In steady state - no. While plowing a large amount of money into massive factories to pump out the next generation of products - absolutely, yes.
While taking money for cars they haven't started producing or buying components for: No.
Is it still a fun fact if it's neither fun nor a fact?
For the 9 months ending Sep 30 2016, they made $1,150,984,000 (1.1 billion) in revenue selling cars, of which $195,592,000 (0.1 billion) was from ZEV carbon credits.
In fact, they take OUT the carbon credits from their GAAP reporting numbers (what this article refers to) so that their results aren't skewed.
It's right there in black and white in the results: http://files.shareholder.com/d...
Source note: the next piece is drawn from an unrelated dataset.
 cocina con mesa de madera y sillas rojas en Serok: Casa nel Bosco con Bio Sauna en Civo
Tesla changes their accounting methods. Dumb money is excited that TSLA is profitable. Smart money has no idea what to make of these numbers but know something smells musky.
As far as I can tell (Yes, I am a forensic accountant) they sold a lot of now-obsolete cars at a big discount and did some other tricks to prop up sales and push Q4 revenue into Q3, Q3 expenses into Q4, etc.
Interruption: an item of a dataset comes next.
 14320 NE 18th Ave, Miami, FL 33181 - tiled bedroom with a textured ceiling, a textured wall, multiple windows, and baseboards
Now, it really doesn't matter if they're profitable or not because they have plenty of money in the bank and $22 million is a rounding error. Except Tesla is trying to buy Solar City. Why? Basically to bail out Elon Musk since Solar City is a turd circling the drain and Elon has a lot of money tied up in it (directly and indirectly through his other company, Space X). A lot of Tesla stock holders recognize this shit for what it is. But if Tesla can eek out a profit, dumb money thinks Elon is a fucking genius and let him buy up Solar City.
I just want to point out that the OP is:
1) Claiming to be a forensic accountant
2) online
3) as AC.
4) Framing his position in emotional terms (dumb money, smart money)
5) While showing no specifics. (Tesla changed accounting methods? Using nebulously-defined "tricks"?)
6) For a company whose analysis is largely partisan.
I don't know why people bother reading up on Tesla, news and analysis is all over the map. Price points from $150 to $400 per share, negative/positive outlooks, baldfaced lies about specs, dangers, and recalls, and all absolutely certain of their analysis.
It's almost as if there are large groups of people who would personally benefit from Tesla's success or failure, and who are willing to lie and mislead to bring about that result.
We spent 2 trillion dollars and 4000 lives to protect the oil industry. Heck, overthrowing democratically elected leaders for oil companies is one root cause of the radicalization of the middle east.
I think I can cut clean solar/electric industries a little slack when i consider what we spend t help the oil industry.
Their subsidies are buried so deep in the government, they don't even look like subsidies any more.
But imagine if 5 years from now, Oil demand had dropped another 10% due to electric cars? We'd be a lot less tempted to get involved in foreign entanglements.
She was like chocolate when she drank... semi-sweet at first and then increasingly bitter.